Bell Pottinger, with its ill-advised public relations project for the Guptas’ Oakbay company, could not have happened to this country at a worse time.
In the world of public relations, perception is reality. It is for this reason that Bell Pottinger’s devastating blunder has delivered a serious blow to public relations agencies and practitioners around the world.
The London-based spin company has since apologised in an attempt to ameliorate the situation. “Not good enough!” many in South Africa are screaming. Among these is the Democratic Alliance, which has reported the firm to the Public Relations and Communications Association (PRCA) in London for violating the association’s professional charter and code of conduct by allegedly sowing racial division in South Africa. The DA wants Bell Pottinger to make reparations. I concur.
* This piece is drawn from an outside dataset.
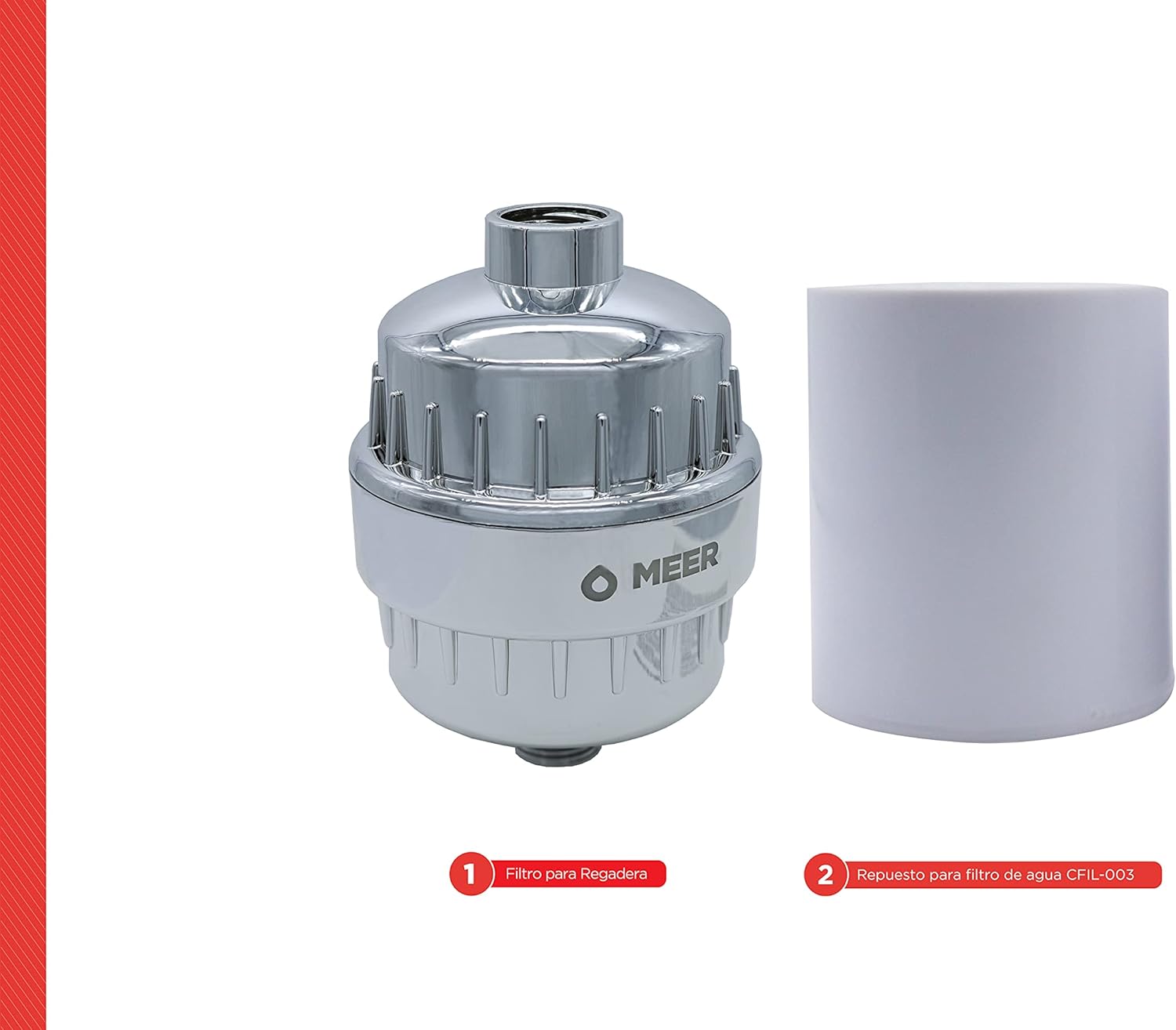 CNX Filtro Cromado para Regadera, Limpia y filtra el Agua para una Mejor Limpieza.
The party’s international wing, DA Abroad, staged a picket at the Bell Pottinger offices in London in protest, and handed over a memorandum with several demands.
These include a call for the firm to publish all communications and contracts to do with the work done for the Guptas, to declare all funds received for services rendered to the Guptas and the ANC, and to invest the funds in building schools or donate them to nongovernmental organisations.
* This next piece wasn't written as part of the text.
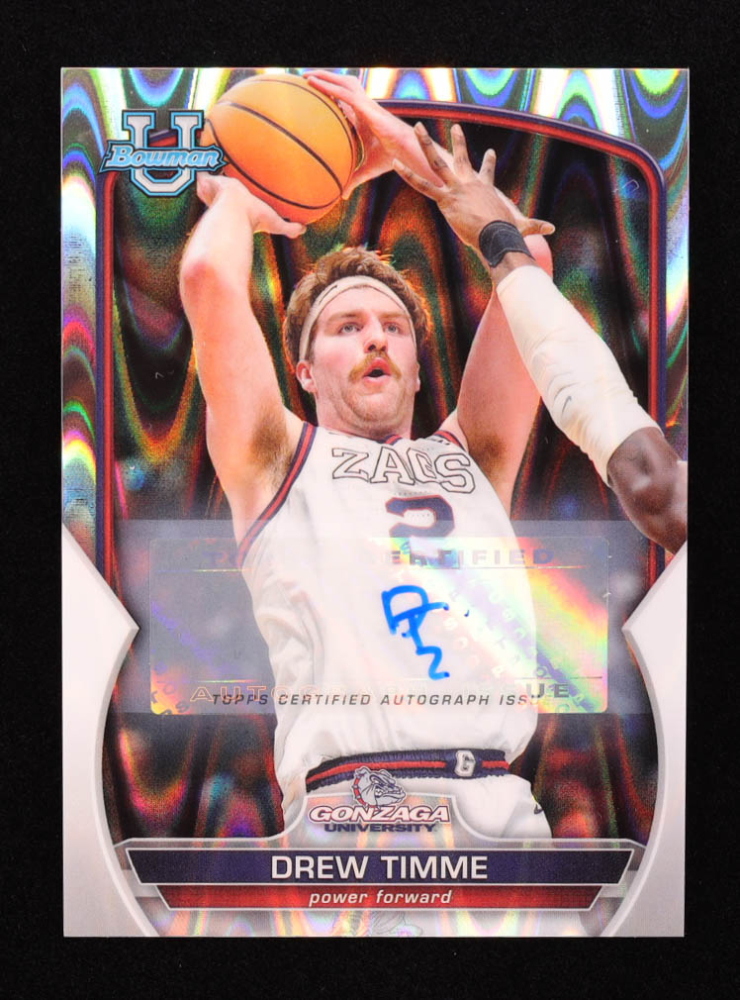 Drew Timme 2022-23 Bowman Chrome University Prospect Autographs RayWave Refractors #61 RC #165/199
The saga has given the practice of public relations a very bad name. For most PR practitioners, high ethical standards and unquestionable professionalism were drummed into our heads. In one devastating blow, Bell Pottinger has damaged the image of PR and it will probably take decades for the sector to recover and to restore its image of trustworthiness, respectability and professionalism.
The Public Relations Institute of South Africa (Prisa), the PRCA and other professional associations have their work cut out.
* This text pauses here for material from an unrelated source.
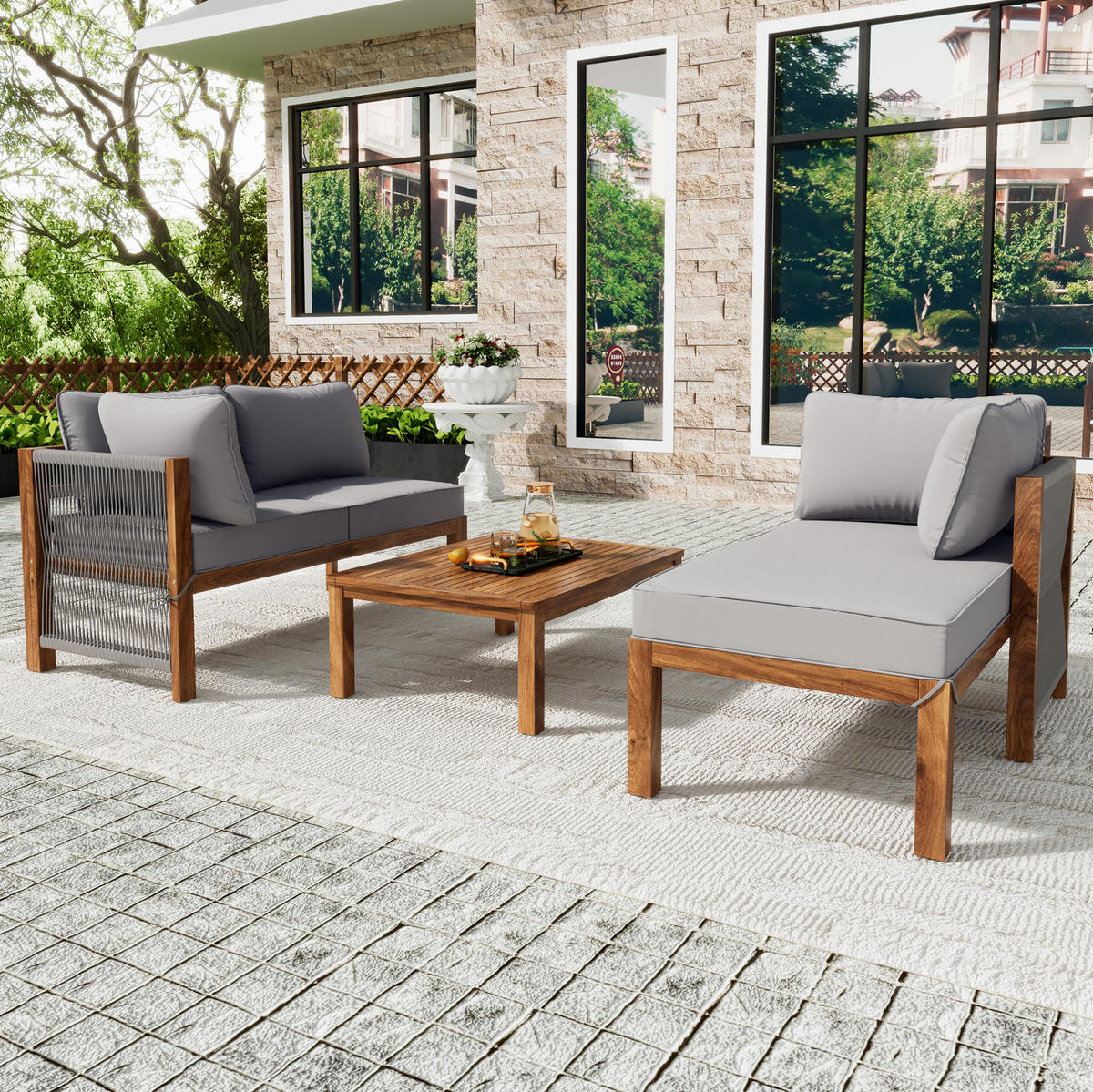 GARTEN-LOUNGEMÖBEL 3-tlg. Akazienholz Grau mit Tisch - Grau, Holz - Beauniv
The Global Alliance for Public Relations and Communication Management should join the PRCA in its efforts to get Bell Pottinger to “do the right thing” by the people of South Africa and the PR profession.
In his apology, Bell Pottinger chief executive James Henderson had this to say: “We wish to make a full, unequivocal and absolute apology to anyone impacted. These activities should never have been undertaken. We are deeply sorry that it happened.”
Indeed, we are also deeply sorry that “it happened”. More than 50-million South Africans have been negatively “impacted” by the actions of this company. A mere apology can never be good enough, because an apology cannot put things right.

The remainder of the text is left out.